Exact reproduction required: the lines below from the line with "1285055-2 پیوند بهاری" to the line with "Yeezy Desert Boot Salt Sz 13.5 DS", both ends included, and no others.

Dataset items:
• • •
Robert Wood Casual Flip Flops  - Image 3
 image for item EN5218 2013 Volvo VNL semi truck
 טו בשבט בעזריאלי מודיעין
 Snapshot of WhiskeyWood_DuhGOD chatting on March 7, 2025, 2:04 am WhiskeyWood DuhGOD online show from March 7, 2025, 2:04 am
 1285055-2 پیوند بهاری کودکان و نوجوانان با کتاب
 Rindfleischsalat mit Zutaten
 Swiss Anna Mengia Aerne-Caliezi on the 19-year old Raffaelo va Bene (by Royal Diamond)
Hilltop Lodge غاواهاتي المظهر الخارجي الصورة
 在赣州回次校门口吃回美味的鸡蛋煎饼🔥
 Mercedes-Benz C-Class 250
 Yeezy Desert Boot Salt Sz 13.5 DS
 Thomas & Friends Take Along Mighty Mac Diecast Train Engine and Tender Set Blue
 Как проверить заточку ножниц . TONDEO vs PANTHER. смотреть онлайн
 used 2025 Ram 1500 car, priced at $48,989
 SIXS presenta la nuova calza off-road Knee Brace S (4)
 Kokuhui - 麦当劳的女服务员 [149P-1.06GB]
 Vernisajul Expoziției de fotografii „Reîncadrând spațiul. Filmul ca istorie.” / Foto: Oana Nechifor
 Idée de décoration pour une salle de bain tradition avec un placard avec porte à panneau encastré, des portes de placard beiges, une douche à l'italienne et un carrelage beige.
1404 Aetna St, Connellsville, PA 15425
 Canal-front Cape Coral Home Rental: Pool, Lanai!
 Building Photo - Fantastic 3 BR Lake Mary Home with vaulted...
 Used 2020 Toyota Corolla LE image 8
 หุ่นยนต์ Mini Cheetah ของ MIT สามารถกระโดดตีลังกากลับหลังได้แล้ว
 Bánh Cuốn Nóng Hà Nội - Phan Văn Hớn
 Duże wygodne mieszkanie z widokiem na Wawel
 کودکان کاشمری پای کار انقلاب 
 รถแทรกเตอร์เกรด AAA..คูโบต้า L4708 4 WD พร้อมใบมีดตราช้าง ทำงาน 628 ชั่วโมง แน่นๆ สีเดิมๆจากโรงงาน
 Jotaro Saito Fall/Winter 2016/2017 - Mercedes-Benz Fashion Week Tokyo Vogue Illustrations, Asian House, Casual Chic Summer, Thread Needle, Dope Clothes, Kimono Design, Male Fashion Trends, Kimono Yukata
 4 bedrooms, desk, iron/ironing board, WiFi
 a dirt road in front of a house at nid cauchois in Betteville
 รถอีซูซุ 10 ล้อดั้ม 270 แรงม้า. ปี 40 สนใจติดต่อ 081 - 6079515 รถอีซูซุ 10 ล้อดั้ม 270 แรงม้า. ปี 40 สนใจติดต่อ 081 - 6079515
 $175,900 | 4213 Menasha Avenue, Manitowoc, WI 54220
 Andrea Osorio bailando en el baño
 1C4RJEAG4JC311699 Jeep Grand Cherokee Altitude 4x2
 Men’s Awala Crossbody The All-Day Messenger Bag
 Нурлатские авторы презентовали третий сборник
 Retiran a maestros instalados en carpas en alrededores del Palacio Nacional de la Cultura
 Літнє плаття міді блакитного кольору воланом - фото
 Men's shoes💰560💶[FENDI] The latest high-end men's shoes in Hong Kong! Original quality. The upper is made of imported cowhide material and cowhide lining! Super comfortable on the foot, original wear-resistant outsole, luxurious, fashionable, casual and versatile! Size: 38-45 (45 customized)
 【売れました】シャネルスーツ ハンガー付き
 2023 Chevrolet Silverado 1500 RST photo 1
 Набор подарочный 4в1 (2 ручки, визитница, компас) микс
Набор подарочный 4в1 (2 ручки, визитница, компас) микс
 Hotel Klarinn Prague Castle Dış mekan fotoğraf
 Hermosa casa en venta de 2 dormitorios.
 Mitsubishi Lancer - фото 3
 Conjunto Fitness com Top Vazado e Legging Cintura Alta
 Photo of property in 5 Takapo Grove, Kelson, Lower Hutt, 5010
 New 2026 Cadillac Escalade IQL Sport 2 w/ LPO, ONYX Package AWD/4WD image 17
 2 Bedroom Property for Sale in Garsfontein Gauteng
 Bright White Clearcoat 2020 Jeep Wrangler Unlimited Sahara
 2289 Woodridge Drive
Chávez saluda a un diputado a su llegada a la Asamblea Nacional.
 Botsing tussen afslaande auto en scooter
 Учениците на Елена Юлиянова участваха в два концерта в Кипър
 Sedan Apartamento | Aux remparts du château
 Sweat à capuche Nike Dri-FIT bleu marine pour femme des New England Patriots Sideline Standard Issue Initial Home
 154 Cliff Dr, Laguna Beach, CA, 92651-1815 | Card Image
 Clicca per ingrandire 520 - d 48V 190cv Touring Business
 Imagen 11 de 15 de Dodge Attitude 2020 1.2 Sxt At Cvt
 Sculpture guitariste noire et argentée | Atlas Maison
• • •
→ **Solution to the problem**
 1285055-2 پیوند بهاری کودکان و نوجوانان با کتاب
 Rindfleischsalat mit Zutaten
 Swiss Anna Mengia Aerne-Caliezi on the 19-year old Raffaelo va Bene (by Royal Diamond)
Hilltop Lodge غاواهاتي المظهر الخارجي الصورة
 在赣州回次校门口吃回美味的鸡蛋煎饼🔥
 Mercedes-Benz C-Class 250
 Yeezy Desert Boot Salt Sz 13.5 DS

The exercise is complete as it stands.